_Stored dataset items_
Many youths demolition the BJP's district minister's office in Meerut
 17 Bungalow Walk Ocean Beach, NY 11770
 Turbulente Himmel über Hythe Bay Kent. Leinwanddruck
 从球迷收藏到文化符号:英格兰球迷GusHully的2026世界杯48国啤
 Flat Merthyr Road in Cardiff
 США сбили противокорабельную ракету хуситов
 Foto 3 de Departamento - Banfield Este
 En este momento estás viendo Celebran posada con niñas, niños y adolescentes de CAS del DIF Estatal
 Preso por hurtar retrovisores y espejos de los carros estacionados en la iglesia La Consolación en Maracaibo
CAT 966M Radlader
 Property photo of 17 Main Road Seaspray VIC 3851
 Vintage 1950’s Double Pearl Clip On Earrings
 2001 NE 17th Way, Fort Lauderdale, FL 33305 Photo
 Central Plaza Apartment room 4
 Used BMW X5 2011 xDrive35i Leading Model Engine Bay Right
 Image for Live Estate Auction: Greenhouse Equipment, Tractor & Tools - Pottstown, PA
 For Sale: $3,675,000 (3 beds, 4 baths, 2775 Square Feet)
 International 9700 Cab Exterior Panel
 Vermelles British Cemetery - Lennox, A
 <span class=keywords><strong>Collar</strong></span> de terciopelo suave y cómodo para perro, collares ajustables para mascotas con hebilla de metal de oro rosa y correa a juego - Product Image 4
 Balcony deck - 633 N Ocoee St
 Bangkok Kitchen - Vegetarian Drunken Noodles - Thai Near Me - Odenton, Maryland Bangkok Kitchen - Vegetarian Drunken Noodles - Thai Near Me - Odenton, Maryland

_Prompt_
Output the line containing "Preso por hurtar" and every line after it through the final line of the records above, exactly as written and nothing else.

_Exercise output_
 Preso por hurtar retrovisores y espejos de los carros estacionados en la iglesia La Consolación en Maracaibo
CAT 966M Radlader
 Property photo of 17 Main Road Seaspray VIC 3851
 Vintage 1950’s Double Pearl Clip On Earrings
 2001 NE 17th Way, Fort Lauderdale, FL 33305 Photo
 Central Plaza Apartment room 4
 Used BMW X5 2011 xDrive35i Leading Model Engine Bay Right
 Image for Live Estate Auction: Greenhouse Equipment, Tractor & Tools - Pottstown, PA
 For Sale: $3,675,000 (3 beds, 4 baths, 2775 Square Feet)
 International 9700 Cab Exterior Panel
 Vermelles British Cemetery - Lennox, A
 <span class=keywords><strong>Collar</strong></span> de terciopelo suave y cómodo para perro, collares ajustables para mascotas con hebilla de metal de oro rosa y correa a juego - Product Image 4
 Balcony deck - 633 N Ocoee St
 Bangkok Kitchen - Vegetarian Drunken Noodles - Thai Near Me - Odenton, Maryland Bangkok Kitchen - Vegetarian Drunken Noodles - Thai Near Me - Odenton, Maryland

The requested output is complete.